Complex systems are usually represented as an intricate set of relations between their components forming a complex graph or network. The understanding of their functioning and emergent properties are strongly related to their structural properties. The finding of structural patterns is of utmost importance to reduce the problem of understanding the structure-function relationships. Here we propose the analysis of similarity measures between nodes using hierarchical clustering methods. The discrete nature of the networks usually leads to a small set of different similarity values, making standard hierarchical clustering algorithms ambiguous. We propose the use of “multidendrograms”, an algorithm that computes agglomerative hierarchical clusterings implementing a variable-group technique that solves the non-uniqueness problem found in the standard pair-group algorithm. This problem arises when there are more than two clusters separated by the same maximum similarity (or minimum distance) during the agglomerative process. Forcing binary trees in this case means breaking ties in some way, thus giving rise to different output clusterings depending on the criterion used. Multidendrograms solves this problem grouping more than two clusters at the same time when ties occur.


💡 Research Summary

The paper addresses a fundamental limitation of hierarchical clustering when applied to complex networks: the “ties in proximity” problem. In many network analyses the similarity (or distance) between nodes takes on only a limited set of discrete values, which often leads to several pairs of clusters sharing exactly the same minimum distance (or maximum similarity) at a given agglomeration step. Traditional agglomerative algorithms based on the pair‑group (binary) merging rule must arbitrarily break these ties, producing different binary dendrograms depending on the order of the data or on the tie‑breaking criterion. This non‑uniqueness hampers reproducibility and makes the interpretation of the resulting hierarchy ambiguous.

To solve this, the authors propose a variable‑group agglomerative scheme implemented in the “multidendrogram” algorithm. Instead of selecting a single pair of clusters when a tie occurs, the algorithm identifies the whole set of clusters that share the current extremal distance and merges them simultaneously into a single super‑cluster. The distance (or similarity) between this new super‑cluster and the remaining clusters is then recomputed using any standard linkage method (e.g., Unweighted Average, Weighted Average, Complete Linkage). When no ties are present, the method reduces to the ordinary pair‑group result; when ties exist, the resulting dendrogram is non‑binary, explicitly showing multi‑branch nodes that correspond to the simultaneous merging of more than two clusters. This guarantees a unique hierarchical solution that is independent of input ordering or arbitrary tie‑breaking rules.

The algorithm is packaged in a publicly available tool called MultiDendrograms. The software offers a graphical user interface for data import, choice of distance/similarity matrices, selection of linkage criteria, and extensive visual customization. It also provides a command‑line mode for batch processing, outputs in text, Newick, and image formats, and computes quality measures such as the cophenetic correlation coefficient, normalized mean squared error, and normalized mean absolute error.

Three case studies illustrate the practical impact of the approach:

  1. Vertex similarity in networks – Using Jaccard and Leicht similarity measures, the authors cluster (i) a synthetic 25‑node hierarchical network (Barabási‑Ravasz model) and (ii) Zachary’s karate club network. Both datasets contain many identical similarity values, leading to numerous ties. Multidendrograms correctly group tied clusters and recover the known community split in the karate club, as well as reveal symmetric nodes (e.g., nodes 15, 16, 19, 21, 23) that would be hidden in binary trees.

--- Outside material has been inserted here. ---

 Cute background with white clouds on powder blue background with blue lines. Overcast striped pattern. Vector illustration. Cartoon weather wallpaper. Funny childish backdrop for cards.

  2. Modular node similarity – The authors define a similarity based on the fraction of resolution parameters (r) for which two nodes belong to the same community in a modularity‑optimisation framework. Applying this to a synthetic H13‑4 network (256 nodes, two hierarchical levels) yields a similarity matrix that, when processed with multidendrograms, reproduces the four underlying groups at a single agglomeration level. Conventional binary dendrograms would generate several incompatible trees, failing to capture the true hierarchical organization.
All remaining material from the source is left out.